Lorentzen no se inmutó, como si aquello formara parte de su día a día: la aparición de dos inspectores con una orden, una reunión en una oficina del sótano, preguntas que responder…

—Supongo que tienen una orden —dijo Lorentzen, adelantándose a Miller.

Miller sacó la orden de su bolsillo y se la pasó deslizándola por encima de la mesa.

Lorentzen leyó la orden y levantó la vista.

—No hay problema —dijo—. Denme un momento.

Lorentzen cogió el teléfono y llamó a Registros y Archivos, cruzó unas palabras con alguien, le dio el nombre de McCullough, la fecha aproximada de apertura de la cuenta, y pidió que le entregaran todos los archivos o documentos relacionados con la cuenta de McCullough en el despacho de seguridad.

Lorentzen colgó.

—Bueno, ¿hay algo que me puedan decir del asunto?

—Desgraciadamente no —respondió Roth—. Es una investigación abierta.

—¿Algo relacionado con algún fraude?

—No lo creo, señor Lorentzen —respondió Miller—. Simplemente estamos intentando recopilar información sobre el paradero de una persona en particular.

—¿Y parece que esa persona, este tal Michael McCullough, abrió una cuenta aquí hace unos años?

—Eso parece, sí.

Sonó el teléfono.

—Disculpen —dijo.

Descolgó, escuchó un momento, respondió a la persona al otro lado de la línea y le dio instrucciones de que fuera para allá.
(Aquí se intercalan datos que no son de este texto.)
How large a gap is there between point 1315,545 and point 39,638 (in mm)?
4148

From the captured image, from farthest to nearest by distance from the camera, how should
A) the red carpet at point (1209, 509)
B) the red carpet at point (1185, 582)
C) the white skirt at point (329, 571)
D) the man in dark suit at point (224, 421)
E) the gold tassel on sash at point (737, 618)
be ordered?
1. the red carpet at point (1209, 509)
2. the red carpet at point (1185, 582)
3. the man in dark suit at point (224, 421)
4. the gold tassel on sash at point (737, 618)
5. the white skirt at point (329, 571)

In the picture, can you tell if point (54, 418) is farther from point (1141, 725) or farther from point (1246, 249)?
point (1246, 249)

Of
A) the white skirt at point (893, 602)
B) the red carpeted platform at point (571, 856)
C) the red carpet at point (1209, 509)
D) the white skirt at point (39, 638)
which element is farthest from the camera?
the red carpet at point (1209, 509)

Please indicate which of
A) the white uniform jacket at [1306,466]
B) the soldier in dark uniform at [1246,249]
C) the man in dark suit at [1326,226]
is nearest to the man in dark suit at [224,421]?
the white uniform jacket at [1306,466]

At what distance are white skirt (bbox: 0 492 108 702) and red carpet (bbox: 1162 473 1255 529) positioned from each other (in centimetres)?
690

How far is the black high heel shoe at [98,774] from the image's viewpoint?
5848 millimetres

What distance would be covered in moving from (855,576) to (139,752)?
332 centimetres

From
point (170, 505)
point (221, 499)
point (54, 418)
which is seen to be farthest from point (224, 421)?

Al poco rato llamaron a la puerta, Lorentzen la abrió y cogió un dosier de manos de alguien; luego cerró la puerta.

Se acercó a Miller y Roth sonriendo. Era un tipo eficiente. Era el subdirector de seguridad del banco, y en unos minutos había demostrado su capacidad para administrar el sistema, colaborar con la policía y encontrar lo que andaban buscando. El Washington American Trust hacía lo que prometía.

Lorentzen se sentó y abrió la fina carpeta marrón. Hojeó unos papeles y luego levantó la vista.
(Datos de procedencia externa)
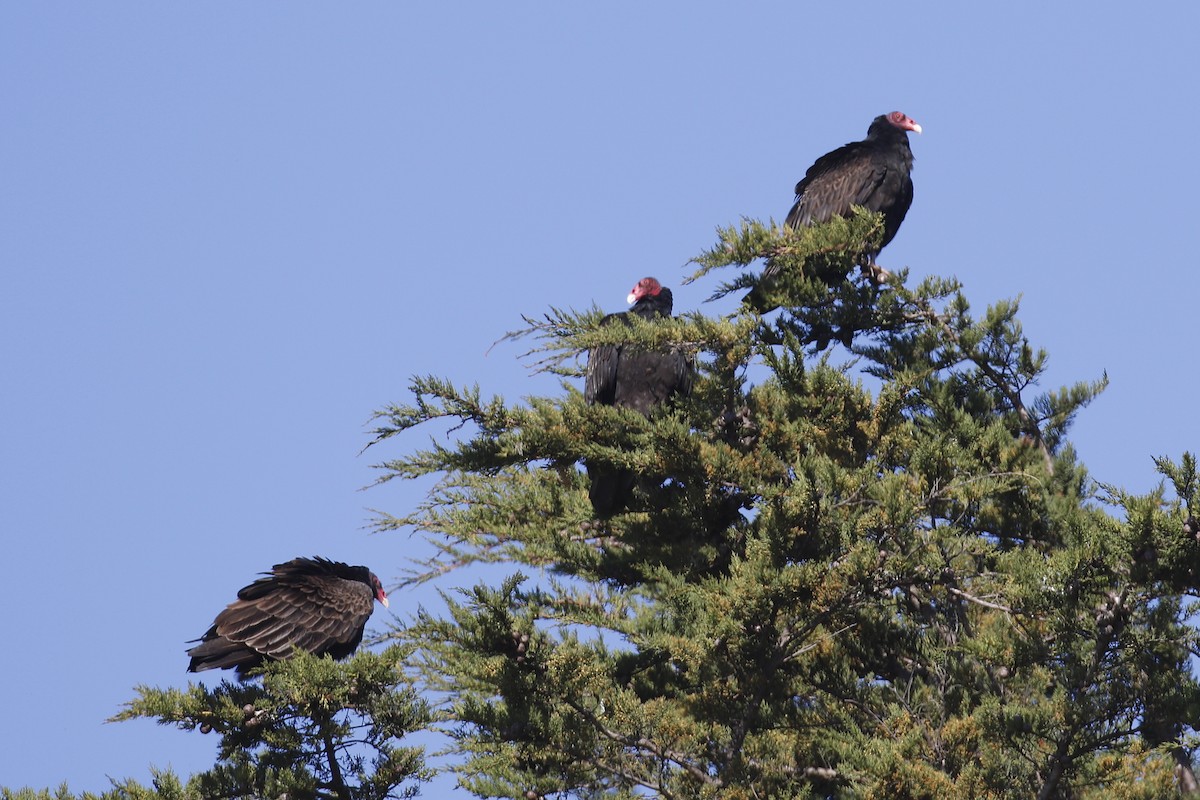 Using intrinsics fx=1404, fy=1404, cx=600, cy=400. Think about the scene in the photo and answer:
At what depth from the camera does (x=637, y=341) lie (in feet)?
21.2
—La cuenta se abrió a nombre de Michael Richard McCullough el viernes 11 de abril de 2003. El señor McCullough se presentó en el banco como nuevo cliente aquella mañana, y le atendió la vicegerente de nuevas cuentas, Keith Beck. Desgraciadamente Keith ya no trabaja con nosotros.

Roth sacó un cuaderno del bolsillo interior de la chaqueta. Escribió «11 de abril de 2003» y «Keith Beck, vicegerente cuentas nuevas, Wash Am Trust».

—El señor McCullough hizo un ingreso de apertura de cincuenta dólares. Es el ingreso mínimo exigido para abrir una cuenta.

—¿Efectivo o talón? —preguntó Roth.

—Efectivo, desgraciadamente —respondió Lorentzen.

—¿Y la identificación que presentó? —preguntó Miller.

—Su carné del departamento de policía, su tarjeta de la seguridad social y una factura de la compañía telefónica para confirmar su dirección, en Corcoran Street.

Miller miró a Roth.

—A tres manzanas de mi casa —dijo, y se volvió hacia Lorentzen—. Vamos a necesitar copias de todos esos documentos.

—Desgraciadamente eso llevará un tiempo. Una vez abierta la cuenta devolvemos los originales al titular. Tenemos copias, pero se escanean en un ordenador y se archivan en nuestra Unidad Central de Seguridad.

—¿Y dónde está?

—Aquí, en Washington —respondió Lorentzen—, pero…

—Es un caso prioritario —dijo Miller—. Necesitaríamos toda la ayuda que nos pueda dar.

Roth echó el cuerpo hacia delante:

—Esto podría contribuir a la resolución de una investigación tremendamente importante, señor Lorentzen. Necesitamos copias de esos documentos cuanto antes.

Lorentzen lo entendió. No era un tipo complicado, sino uno de esos empleados tan poco frecuentes que consideran que su trabajo consiste en ayudar, no en poner trabas con explicaciones o normas administrativas y protocolos burocráticos.

—¿Les importa esperar aquí?

—No hay problema —respondió Miller.

—Haré lo que pueda, ¿de acuerdo?

—Es todo lo que le pedimos.

Lorentzen salió del despacho y cerró la puerta tras él. Miller miró su reloj: eran las tres y diez.